Wednesday, November 8, 2017

First Frost!

The first frosty morning of autumn, 2017!  I don't know if this is the latest first frost on record, but it's certainly one of the the latest that I can remember. And I do pay attention, since every year, on the first morning the thermometer drops below freezing, I like to hurry over to Mud Pond in Moreau Lake State Park, hoping to see if the plant called Frostweed (Crocanthemum canadense) has extruded its frosty curls of frozen sap.

This year, though, I slept rather late, and by the time I reached Mud Pond, the sun was already warming the shore.  Would that sun already have melted the Frostweed curls?   Would I miss seeing  the lovely way that frost crystals ornament the low vegetation that grows in the sandy powerline clearcut that lies at the top of the pond?




My first steps onto that powerline clearcut assured me that there was still some frosty beauty to be observed this morning.   Some sparkling crystals still outlined the Dewberry leaves and clung to the red-capped Cladonia lichens.




Some silvery-mauve mushrooms were spangled with frost, as were the spiky leaves of Haircap Moss.




And there, where the nearby woods had shaded the path, where the sun's early beams had not yet warmed the leaf litter, a number of Frostweed plants had performed their overnight magic!  Curls of delicate ice, diaphanous as frozen vapor, surrounded each stem, close to where the stems emerged from the ground.




Wherever the sun had begun to touch these frothy emanations, I could see they were melting fast.
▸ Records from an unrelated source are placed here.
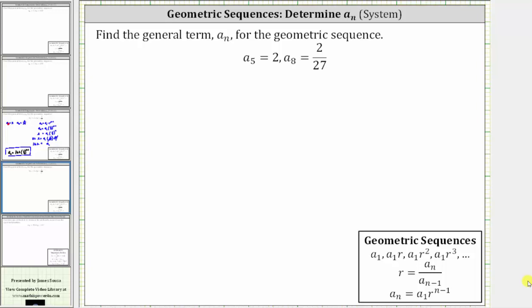We're asked to find the general term a sub n for the geometric sequence where a sub five equals two and a sub eight equals 2/27. Looking at our formulas below, to find the formula for a sub n we need a sub one, the first term, as well as the common ratio r. In this case we don't have either, and we can't use the standard formula to find r because we don't have two consecutive terms. So we will determine the formula for a sub n by setting up and solving a system of equations.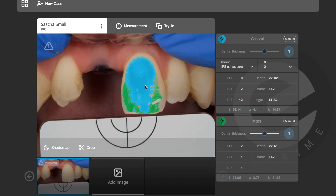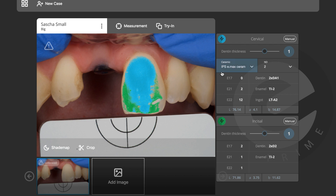eLAB is working even more cleverly now — before we had to measure in lots of sections, but now eLAB works in cervical and incisal sections. You can uncover each area with easy clicks on the little color indicators to see exactly what you have and what you're trying to copy.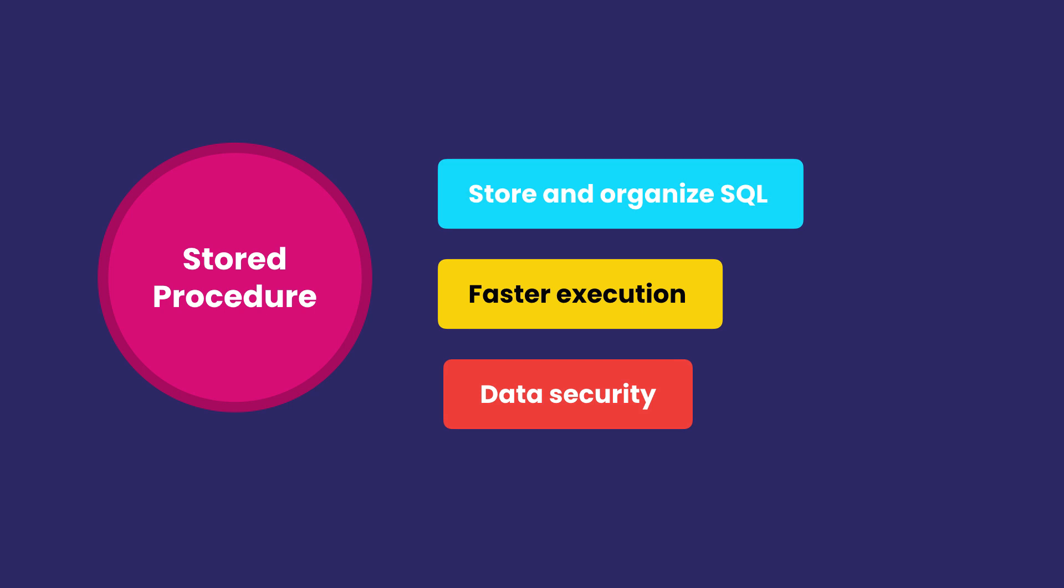So stored procedures are very powerful, and in this section you're going to learn how to create and use them. So, let's get started.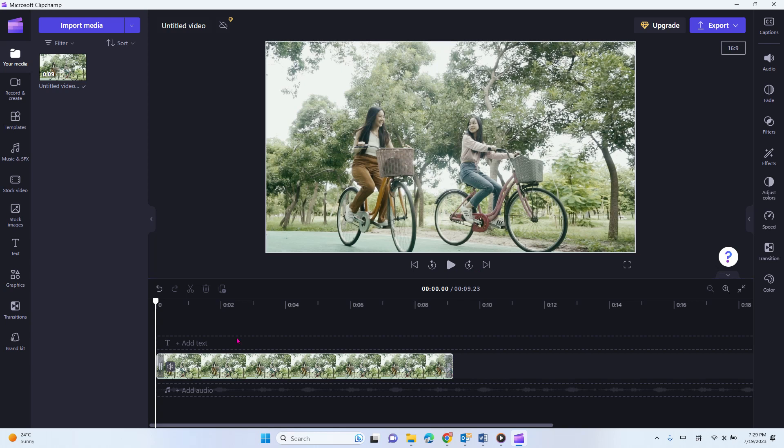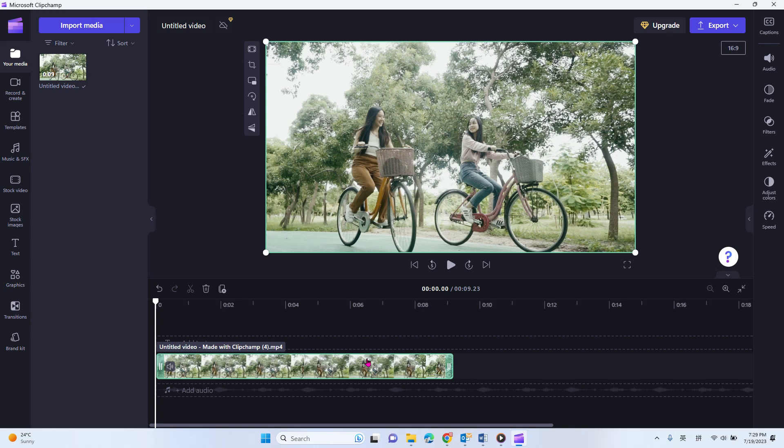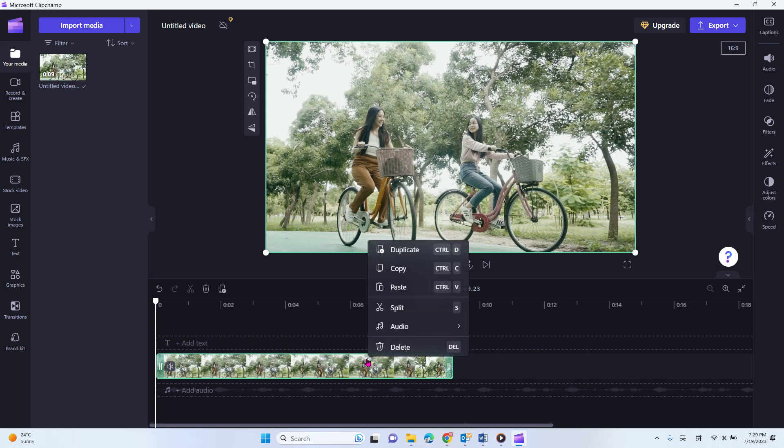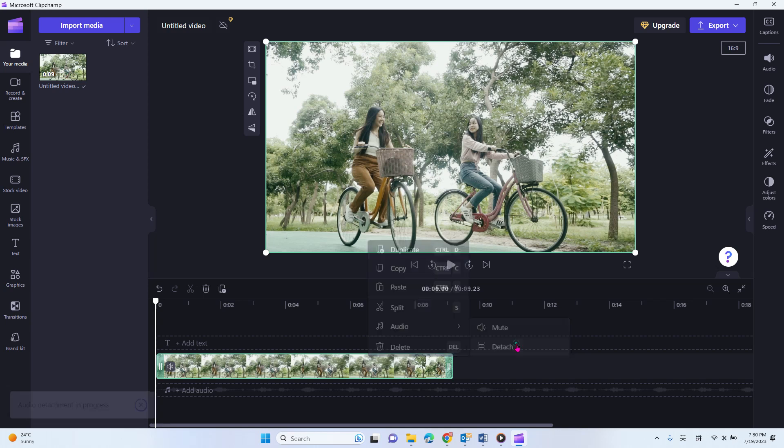So after you open it, you select the video, and then you just right-click, select Audio, Detach.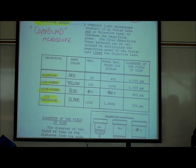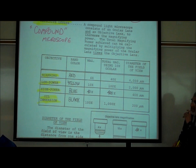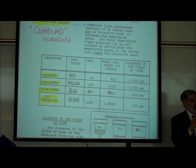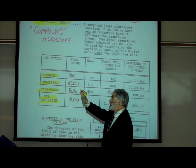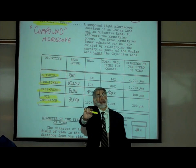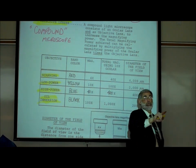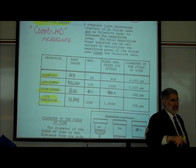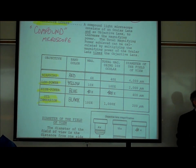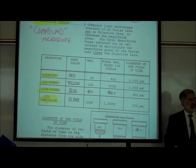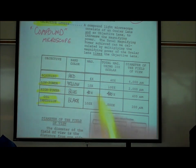We'd like you to know the magnifying power of each. The scanning lens is the shortest objective lens; it has the number 4 on it and magnifies four times.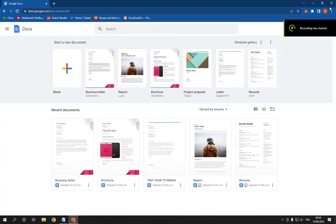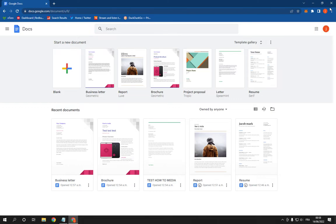How to make and create a Recipe document on Google Docs PC. Hello guys, all you have to do is simple — go to Google Docs.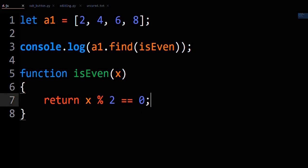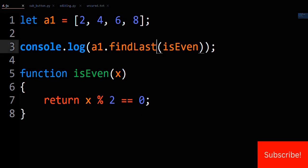Now, JavaScript gives you one function to call to achieve this goal of finding the last element that adheres to a given condition. It just changes find to findLast, and now it will find the last even number in the array.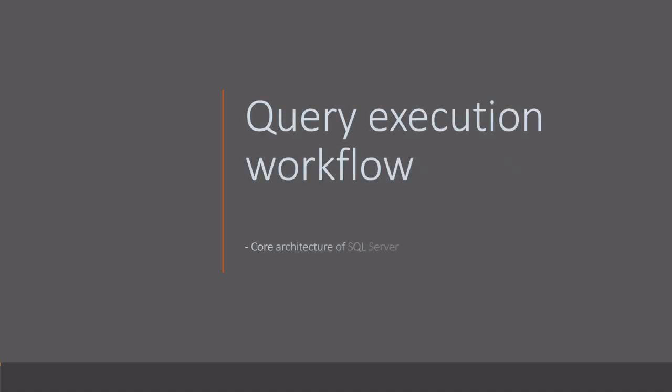Hello everyone, welcome to my channel. In this video I will help you understand the query execution workflow in SQL Server. I will show you the core architecture of SQL Server and by referencing this architecture, I will share how data is retrieved and modified with select and update queries. Please do not forget to hit that subscribe button and let's get started.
I'm so glad I arrived in time to see them today.





These brilliant red American Bittersweet berries were another beauty I felt lucky to find today.  Unfortunately, this native vine is rapidly being supplanted by the introduced tree-strangling Oriental Bittersweet, but a few of these vines still manage to hold their own at this site around Mud Pond.  Their berries are bigger than those of the alien species, but the vines tend to produce many fewer of them.
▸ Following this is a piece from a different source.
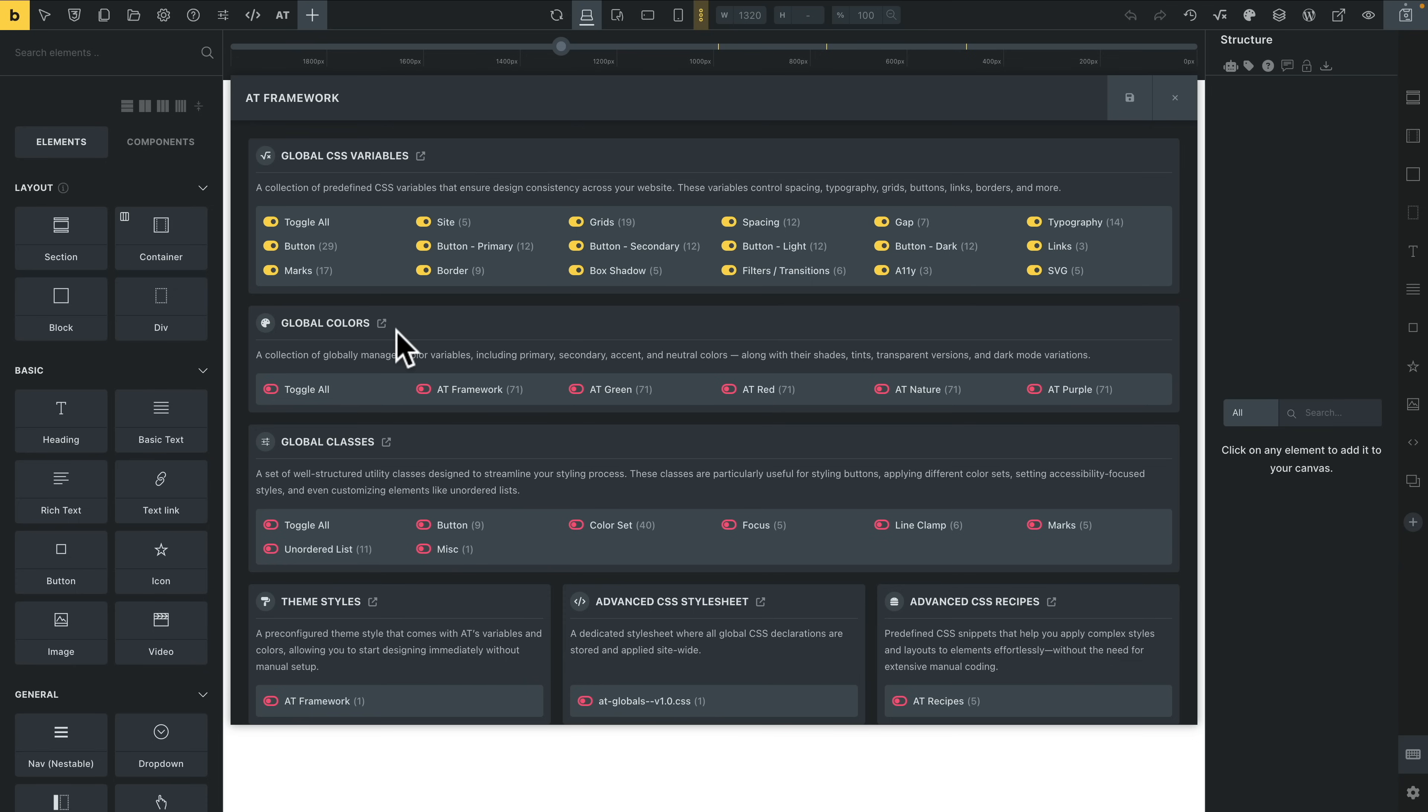Then we've got our global colors. This is where we can access a range of predefined color settings. We can toggle on and end up with five different starter setting panels or color palettes. We're just going to enable the AT framework—I'm not interested too much in these other ones.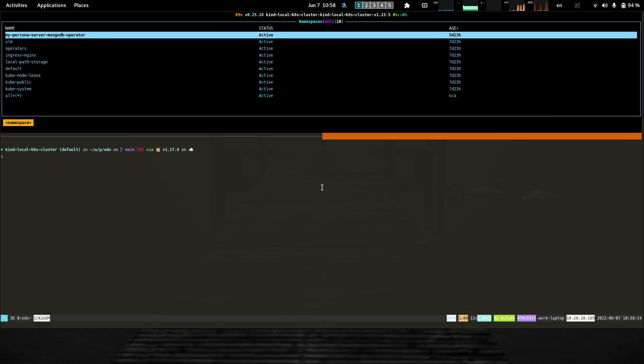Hi, in this demo we're going to showcase a few commands that we added to audio during the past sprint. The commands I'm going to demo allow you to manage namespaces. Let's get started.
I'm always amazed at how the leaves of seedling oaks contain all the foliage colors of autumn in a single leaf. The frost that had earlier coated these leaves had melted by now, dampening the leaves and intensifying the colors.


 


I could hear the flocks of Canada Geese hooting and muttering out on the pond.  One of their downy feathers had caught on the wind and wafted up the bank to catch on a Hazelnut twig. It fascinated me to see the different textures of this single tuft:  the lofty, fluffiness of the warmth-providing down and the stiff spikiness of the water-shedding outer layer.  A perfect design for a goose's cold-water habitat!


3 comments:

  1. You describe things so beautifully, thank you for the nature that you show us.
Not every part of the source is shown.